MITB Banner

Guide to Advanced Concepts in Statistics for Data Science

Statistics is a branch of mathematics that deals with quantified models and representations to analyze and perform experiments on real-world data.

Share

Statistics is a branch of mathematics that deals with quantified models and representations to analyze and perform experiments on real-world data. The fundamental benefit of statistics is that it conveys information in a straightforward manner. The role of statistics in data science and data analytics can not be underlined because it provides powerful tools and strategies for identifying the hidden patterns and aspects of data which most of the time plays a crucial role in data-driven decisions. 

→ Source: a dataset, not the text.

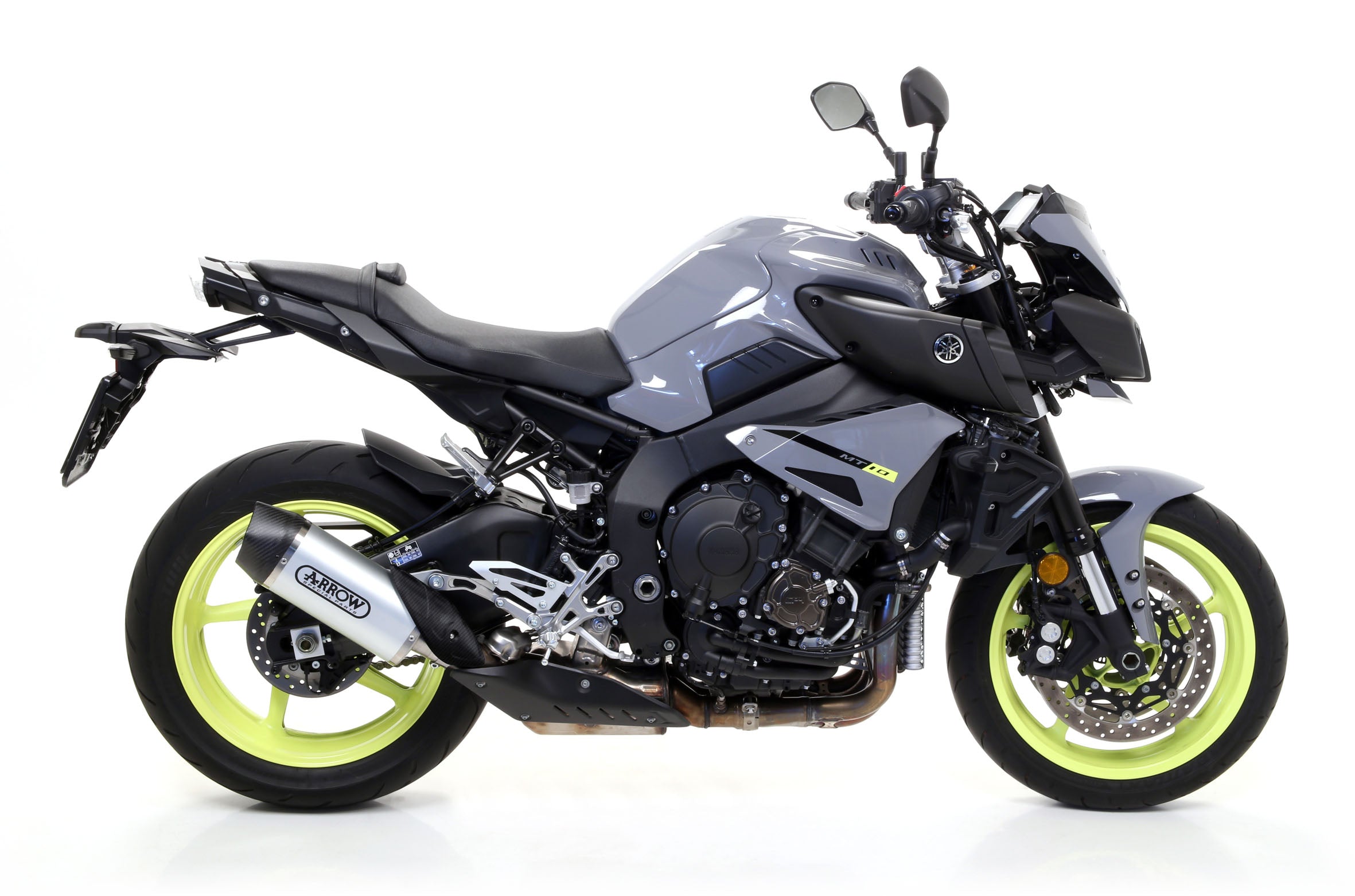 SILENCER INDY-RACE TITANIUM-CARB ARROW YAMAHA MT-10 2016-20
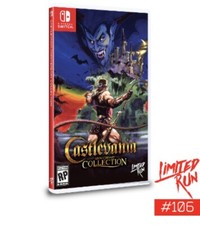 Switch Limited Run 106: Castlevania Anniversary Collection with Trading Card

Today we are going to see the major and popular concepts of advanced statistics. These concepts are also referred to as inferential statistics which are used when there is a need for critical analysis of data. The major points to be discussed in this article are listed below. 

Table of Contents

  1. Types of Analytics
  2. Concept of Sample and Population
  3. What is Hypothesis?
  4. The Process of Hypothesis Testing
  5. Selection of Hypothesis Test

Statistics used in data science can be broken down into two major categories – descriptive statistics and inferential statistics. To have a quick glance at your data or to organize, summarize the data, we use descriptive statistics. Whereas inferential statistics deal with sample data taken from whole data and making inferences based on some sort of hypothesis test, and different statistical tests. 

Types of Analytics

The process of identifying, evaluating, and communicating significant trends in data is known as analytics. Analytics simply allows us to see insights and important aspects that we might not have noticed in other ways. Analytics is broadly classified into three types – Descriptive Analytics, Prescriptive Analytics, and Predictive Analytics. 

Descriptive Analytics

Descriptive analytics is the practice of analyzing past data in order to better understand how a business has changed. Decision-makers gain a holistic perspective of performance and trends on which to develop a corporate strategy using a variety of historical data and benchmarking. 

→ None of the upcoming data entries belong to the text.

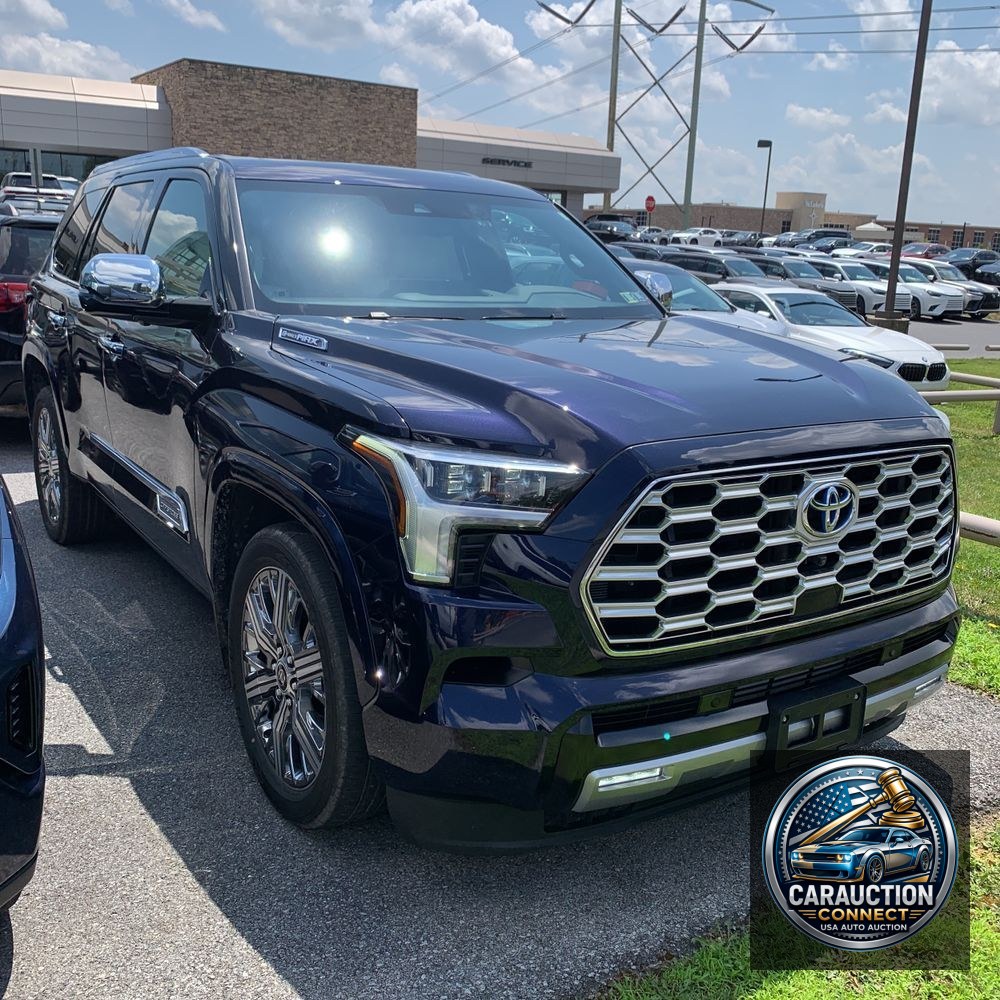2023 Toyota Sequoia Capstone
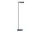 Tab Floor Lamp, matte blue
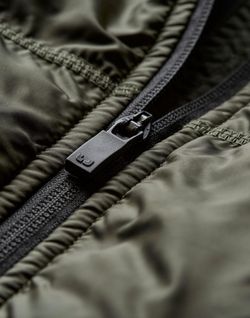 Chaleco dos materiales Stretch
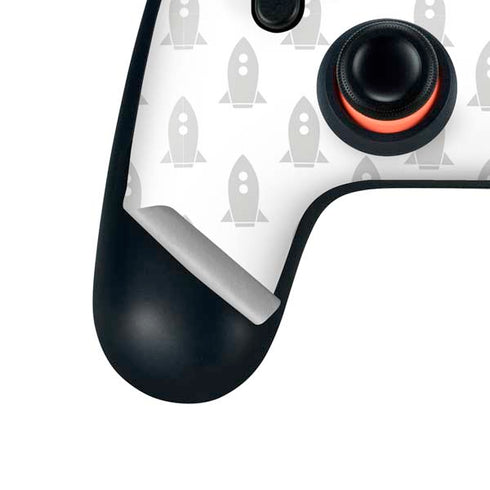 Disney Toy Story Buzz Lightyear Silhouette Google Stadia Controller Skin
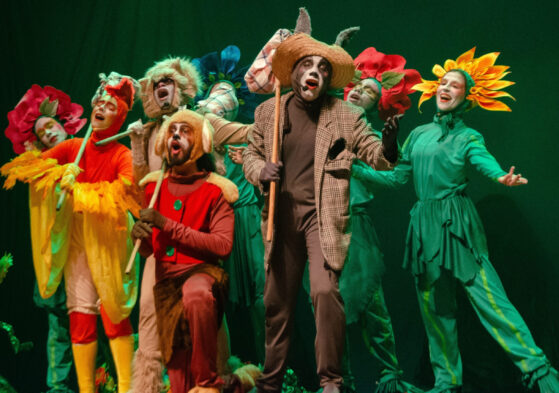 Espetáculo infantil 'Os Saltimbancos' de volta aos palcos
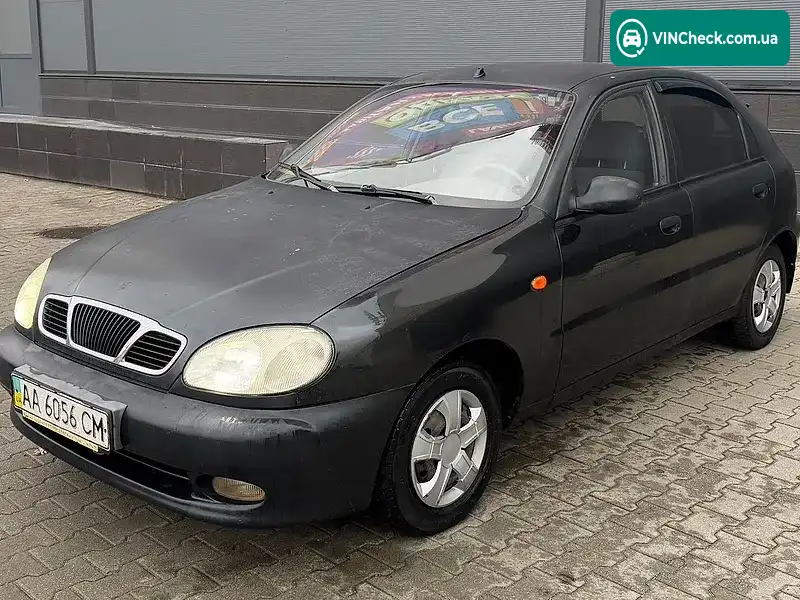 Daewoo Lanos 2007, фото з оголошення 1 з 20, VIN Y6DTF48YD7W330354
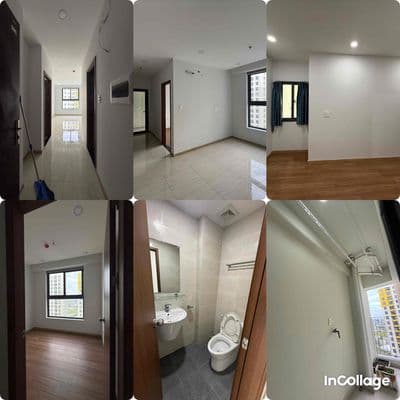 Cho thuê căn hộ 2pn giá từ 5x tr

It mainly addresses the question: What has happened?   

Predictive Analytics

Predictive analytics uses historical data, statistical modelling, data mining techniques, and machine learning to create predictions about feature outcomes based on historical patterns. The purpose is to provide the best judgment of what will happen in the future rather than simply what has happened. In short, it mainly addresses the question: What Could Happen?  

Prescriptive Analytics

Prescriptive analytics is mainly used to choose the best outcome solution from a number of available solutions. Prescriptive analytics present decision possibilities for how to seize a future opportunity or how to avoid future risk as well as the consequences of each available option. In short, it mainly addresses the question: What should we do? 

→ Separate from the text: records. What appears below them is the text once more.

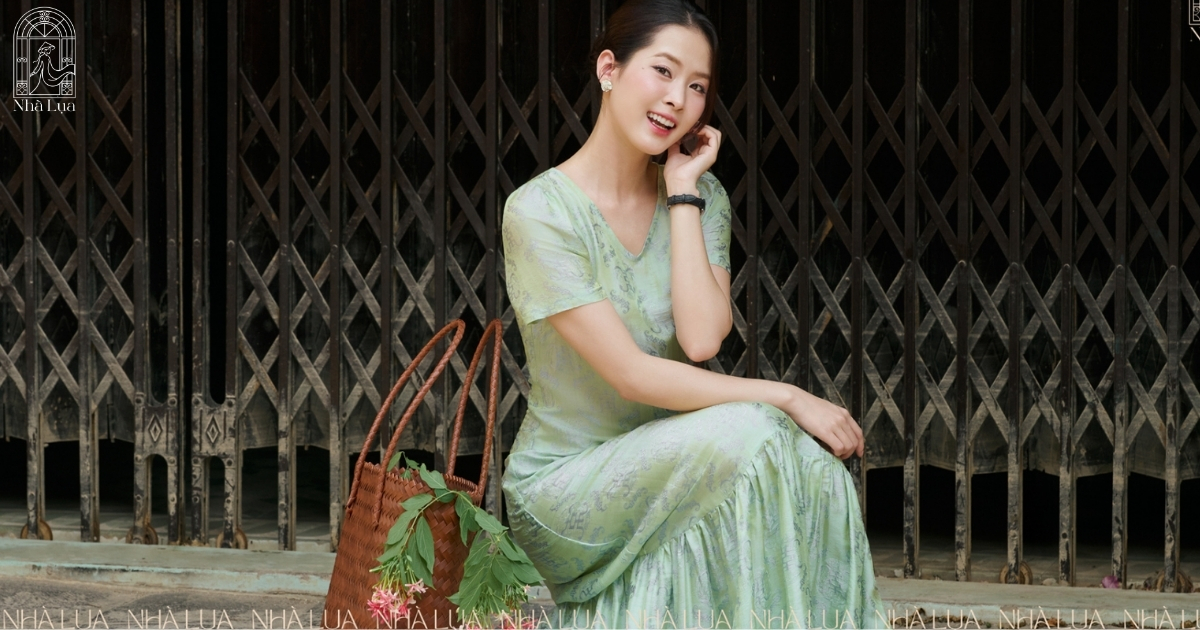 Váy Lụa Tơ Tằm, Voan Và Satin Chọn Loại Nào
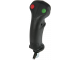 ERGONOMIC LEVER WITH 2 PUSH-BUTTONS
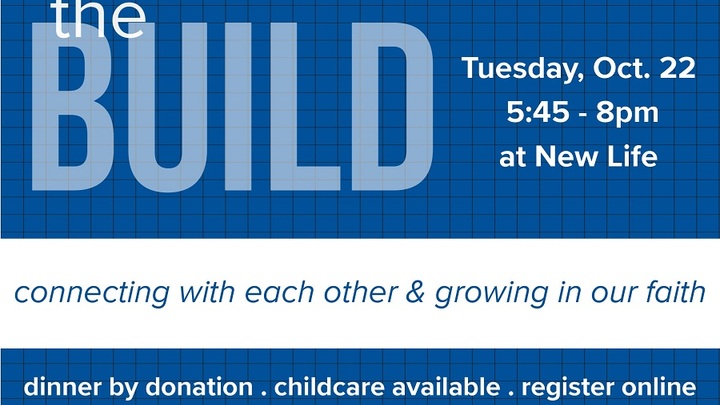 The Build October 22 logo image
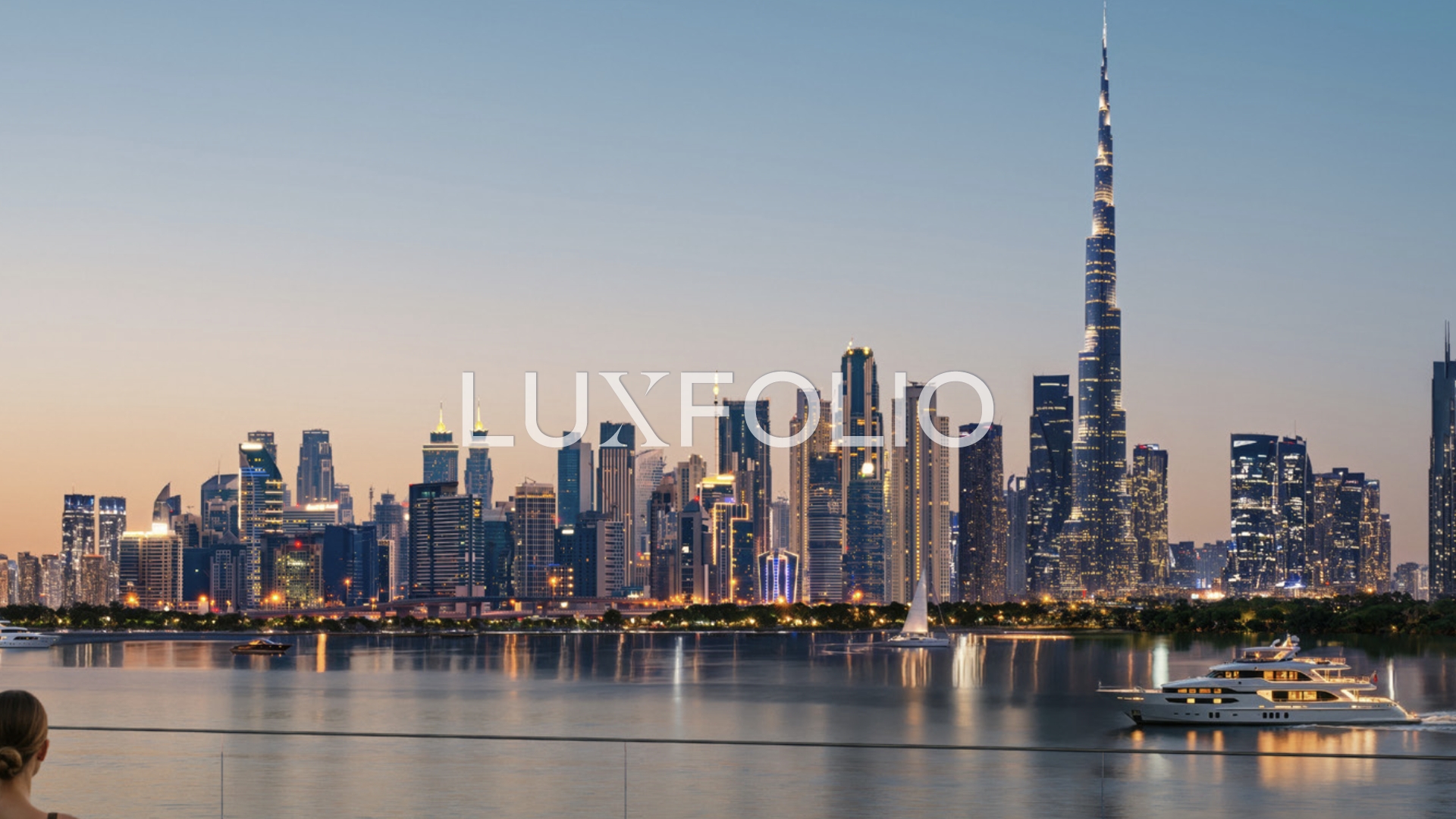 Burj Khalifa View | Direct Waterfront | No Commission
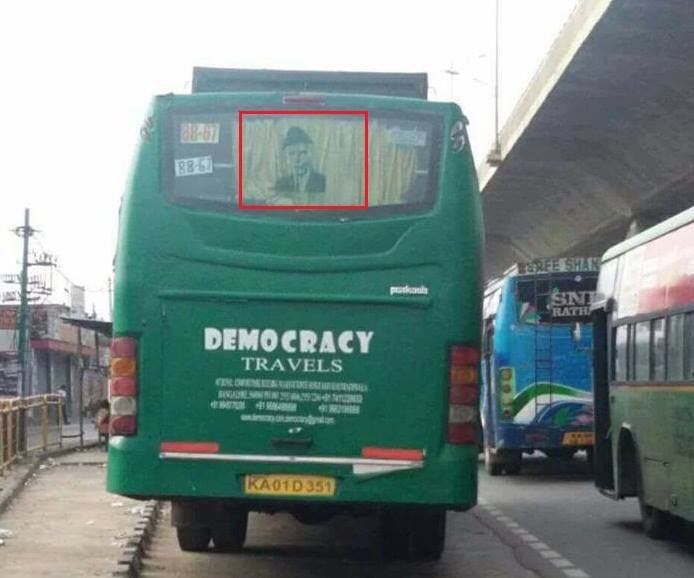 ಜಿನ್ನಾ ಚಿತ್ರದ ಬಸ್ಗೆ ಬೆಂಕಿ ಹಚ್ಚಿ, ಬಸ್ ಮಾಲಕನನ್ನು ಕೊಲ್ಲಹೊರಟ ಸಂಘಪರಿವಾರದ ಮಂದಿ!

Concept of Sample and Population

Source

A population is a big group of people or items that are the focus of some scientific inquiry. It is also described as a well-defined group of humans or objects that have comparable features. Common, binding property or trait is frequently shared by all individuals or objects within the group. An example of a population is: There are a total of 369,000 species of flowers discovered by scientist    

A sample is a subset of data that a researcher selects from a broader population using predetermined procedures. Sample points, sampling units, and observation all are these terms used to describe these aspects. Either going with the entire population, it is best practice to draw a subset from the population to carry out further analysis.  

What is Hypothesis?

A scientific hypothesis is a theory that gives a tentative explanation for a phenomenon or a small group of observations obtained from the population. Falsifiability and testability are the two main characteristics of a scientific hypothesis. A hypothesis is a statement about the population parameter that is based on a set of assumptions. This assumption could be correct or incorrect. A hypothesis, for example, is the statement that the average age of voters in India is 35-40. To assess the viability of this hypothesis researchers can run statistical experiments.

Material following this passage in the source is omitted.